**INFORMATION GIVEN**

%%

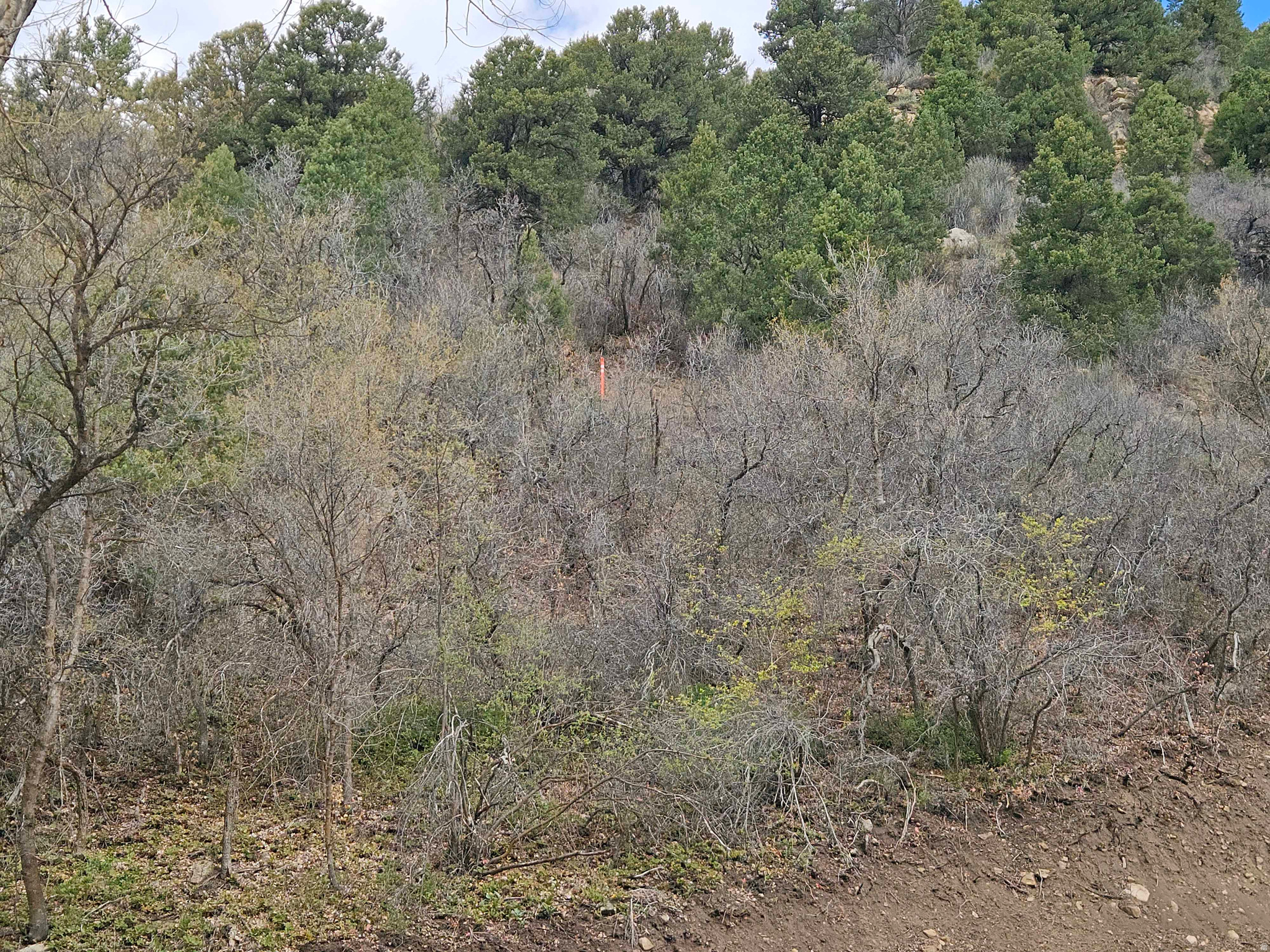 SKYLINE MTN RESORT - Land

%%
%%

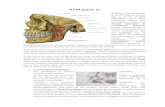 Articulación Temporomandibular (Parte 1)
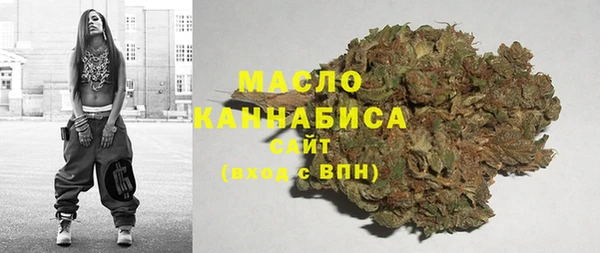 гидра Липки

%%
%%

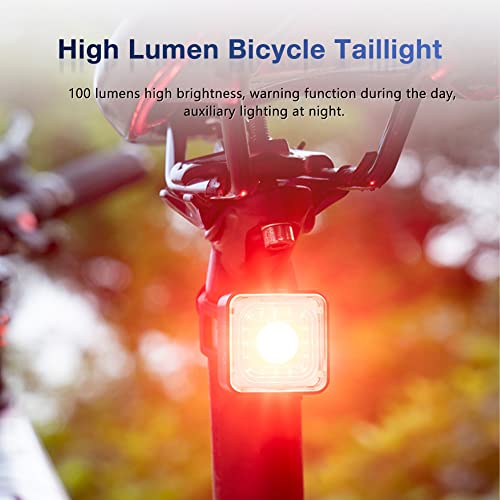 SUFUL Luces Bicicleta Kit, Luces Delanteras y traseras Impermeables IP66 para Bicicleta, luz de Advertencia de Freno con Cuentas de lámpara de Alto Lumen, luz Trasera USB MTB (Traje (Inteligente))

%%

**EXERCISE PROMPT**
With the pictures omitted, copy the entries above exactly from the line containing "Articulación Temporomandibular (Parte 1)" through the line containing "гидра Липки", both lines included.

**WRITTEN RESPONSE**
 Articulación Temporomandibular (Parte 1)
 гидра Липки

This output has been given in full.